In Great Britain the alteration of the style was for a long time successfully opposed by popular prejudice. The inconvenience, however, of using a different date from that employed by the greater part of Europe in matters of history and chronology began to be generally felt; and at length the Calendar (New [v.04 p.1000] Style) Act 1750 was passed for the adoption of the new style in all public and legal transactions. The difference of the two styles, which then amounted to eleven days, was removed by ordering the day following the 2nd of September of the year 1752 to be accounted the 14th of that month; and in order to preserve uniformity in future, the Gregorian rule of intercalation respecting the secular years was adopted. At the same time, the commencement of the legal year was changed from the 25th of March to the 1st of January. In Scotland, January 1st was adopted for New Year's Day from 1600, according to an act of the privy council in December 1599. This fact is of importance with reference to the date of legal deeds executed in Scotland between that period and 1751, when the change was effected in England. With respect to the movable feasts, Easter is determined by the rule laid down by the council of Nice; but instead of employing the new moons and epacts, the golden numbers are prefixed to the days of the full moons. In those years in which the line of epacts is changed in the Gregorian calendar, the golden numbers are removed to different days, and of course a new table is required whenever the solar or lunar equation occurs. The golden numbers have been placed so that Easter may fall on the same day as in the Gregorian calendar. The calendar of the church of England is therefore from century to century the same in form as the old Roman calendar, excepting that the golden numbers indicate the full moons instead of the new moons.

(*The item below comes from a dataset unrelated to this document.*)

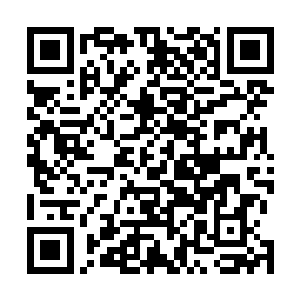 这些卷宗也不是他们写下的……可真正祸首不是他们是谁二维码生成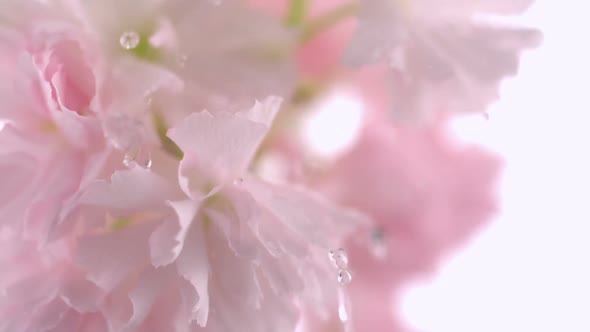 Cherry blossom with water drop, Slow Motion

Hebrew Calendar.—In the construction of the Jewish calendar numerous details require attention. The calendar is dated from the Creation, which is considered to have taken place 3760 years and 3 months before the commencement of the Christian era. The year is luni-solar, and, according as it is ordinary or embolismic, consists of twelve or thirteen lunar months, each of which has 29 or 30 days. Thus the duration of the ordinary year is 354 days, and that of the embolismic is 384 days. In either case, it is sometimes made a day more, and sometimes a day less, in order that certain festivals may fall on proper days of the week for their due observance. The distribution of the embolismic years, in each cycle of 19 years, is determined according to the following rule:—
The number of the Hebrew year (Y) which has its commencement in a Gregorian year (x) is obtained by the addition of 3761 years; that is, Y = x + 3761. Divide the Hebrew year by 19; then the quotient is the number of the last completed cycle, and the remainder is the year of the current cycle. If the remainder be 3, 6, 8, 11, 14, 17 or 19 (0), the year is embolismic; if any other number, it is ordinary. Or, otherwise, if we find the remainder
R=((7Y+1) / 19)_r
the year is embolismic when R < 7.
The calendar is constructed on the assumptions that the mean lunation is 29 days 12 hours 44 min. 3-1/3 sec., and that the year commences on, or immediately after, the new moon following the autumnal equinox. The mean solar year is also assumed to be 365 days 5 hours 55 min. 25-25/57 sec., so that a cycle of nineteen of such years, containing 6939 days 16 hours 33 min. 3-1/3 sec., is the exact measure of 235 of the assumed lunations. The year 5606 was the first of a cycle, and the mean new moon, appertaining to the 1st of Tisri for that year, was 1845, October 1, 15 hours 42 min. 43-1/3 sec., as computed by Lindo, and adopting the civil mode of reckoning from the previous midnight. The times of all future new moons may consequently be deduced by successively adding 29 days 12 hours 44 min. 3-1/3 sec. to this date.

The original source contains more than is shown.